Ai dirigenti moldavi, in sostanza viene chiesta la stessa cosa che ha provocato il completo assoggettamento agli interessi delle potenze occidentali di quasi tutti gli altri paesi dell’est europeo, consentendo, di conseguenza, il loro inserimento nell’assetto comunitario continentale in quelle condizioni di subordinazione (con autentici caratteri coloniali) che sono sotto gli occhi di tutti: l’adesione ai progetti di espansione dell’Alleanza Atlantica verso est e di contenimento e contrapposizione alla Russia, l’accettazione incondizionata dei vincoli politici e militari previsti dall’ingresso nella NATO e dal coinvolgimento senza riserve nel suo sistema di alleanze nella regione.
Ebbene, tutto ciò i dirigenti comunisti moldavi, almeno fino ad ora, non sono stati disposti ad accettarlo. Facendo in tal modo coerentemente fronte ad un altro impegno che sta scritto con chiarezza nella loro piattaforma elettorale e che evidentemente gode di un largo consenso tra l’opinione pubblica della Moldova: il rispetto rigoroso dello status di neutralità del paese e l’impegno per la smilitarizzazione della regione
(in russo: http://www.pcrm.md/main/index.php?action=program).
La Moldova, inoltre, non ha mai voluto abbandonare la Comunità degli Stati Indipendenti, la confederazione succeduta all’Unione Sovietica dopo il 1991, e non ha mai rinunciato (anche nei momenti di più acuta tensione, nel 2003) a cercare di mantenere rapporti costruttivi con la Russia, a cui, per lingua e cultura, è legata una parte consistente dello stesso popolo moldavo. In un clima di rispetto per questa minoranza linguistica che potrebbe essere compromesso dall’eventuale avvento al potere dei seguaci della “Grande Romania”, tentati da politiche di “apartheid”, alla stessa stregua dei confinanti “arancioni” ucraini o dei governanti dei paesi baltici aderenti all’UE.

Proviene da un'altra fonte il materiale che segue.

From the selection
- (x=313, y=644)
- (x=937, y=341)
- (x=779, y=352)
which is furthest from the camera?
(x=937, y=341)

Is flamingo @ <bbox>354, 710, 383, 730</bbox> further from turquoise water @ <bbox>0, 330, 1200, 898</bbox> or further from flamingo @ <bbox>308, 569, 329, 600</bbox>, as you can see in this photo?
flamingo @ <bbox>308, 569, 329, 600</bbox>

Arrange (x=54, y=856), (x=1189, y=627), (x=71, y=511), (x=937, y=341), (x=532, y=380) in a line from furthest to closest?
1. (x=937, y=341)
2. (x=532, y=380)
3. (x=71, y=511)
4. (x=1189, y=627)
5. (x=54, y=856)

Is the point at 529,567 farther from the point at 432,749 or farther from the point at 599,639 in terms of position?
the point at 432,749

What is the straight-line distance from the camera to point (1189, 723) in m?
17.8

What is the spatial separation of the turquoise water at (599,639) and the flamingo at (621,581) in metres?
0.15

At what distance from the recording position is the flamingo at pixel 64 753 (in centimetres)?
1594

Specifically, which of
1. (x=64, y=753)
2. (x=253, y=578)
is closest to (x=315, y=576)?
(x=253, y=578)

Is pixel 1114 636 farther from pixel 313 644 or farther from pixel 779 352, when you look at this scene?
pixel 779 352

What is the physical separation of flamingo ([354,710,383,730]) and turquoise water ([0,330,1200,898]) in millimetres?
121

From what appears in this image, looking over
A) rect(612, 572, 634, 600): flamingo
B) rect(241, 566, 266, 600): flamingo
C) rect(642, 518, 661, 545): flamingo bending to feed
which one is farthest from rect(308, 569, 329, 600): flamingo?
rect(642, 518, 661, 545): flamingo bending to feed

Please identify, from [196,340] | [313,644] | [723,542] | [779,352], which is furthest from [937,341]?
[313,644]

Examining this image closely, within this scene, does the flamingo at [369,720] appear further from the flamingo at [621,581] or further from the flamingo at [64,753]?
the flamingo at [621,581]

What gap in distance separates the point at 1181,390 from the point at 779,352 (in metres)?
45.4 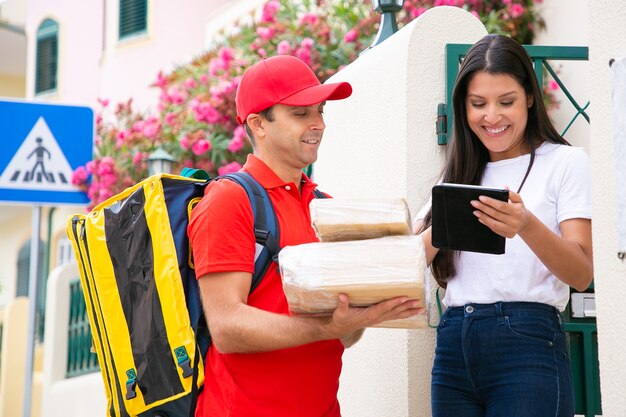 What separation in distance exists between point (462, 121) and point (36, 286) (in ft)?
10.6

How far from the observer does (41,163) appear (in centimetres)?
605

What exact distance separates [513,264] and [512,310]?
14 cm

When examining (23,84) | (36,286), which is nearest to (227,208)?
(36,286)

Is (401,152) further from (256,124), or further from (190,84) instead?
(190,84)

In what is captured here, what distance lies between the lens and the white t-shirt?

Le relazioni con la Russia, in effetti, sono andate rafforzandosi negli ultimi mesi, con una serie di atti significativi tendenti ad allentare la tensione sulla questione della Transnistria, come il riavvio, negli ultimi mesi, del confronto con Mosca e Tiraspol nella ricerca di soluzioni negoziali che evidentemente non possono che risultare sgradite ai “falchi” della politica atlantica, di cui naturalmente sia il governo della Romania che i nazionalisti di Kishinev sono i più fedeli e zelanti alleati.
Nello stesso tempo è andata consolidandosi la politica della ricerca di rapporti diversificati su scala mondiale, allo scopo di fare fronte alle esigenze di un’economia soggetta, più di altre, a subire i contraccolpi della grave crisi globale: in tal senso va interpretata l’intensificazione delle relazioni commerciali con la Cina, con la concessione alla Moldova, da parte del gigante asiatico, di significative linee di credito a tassi di interesse particolarmente vantaggiosi.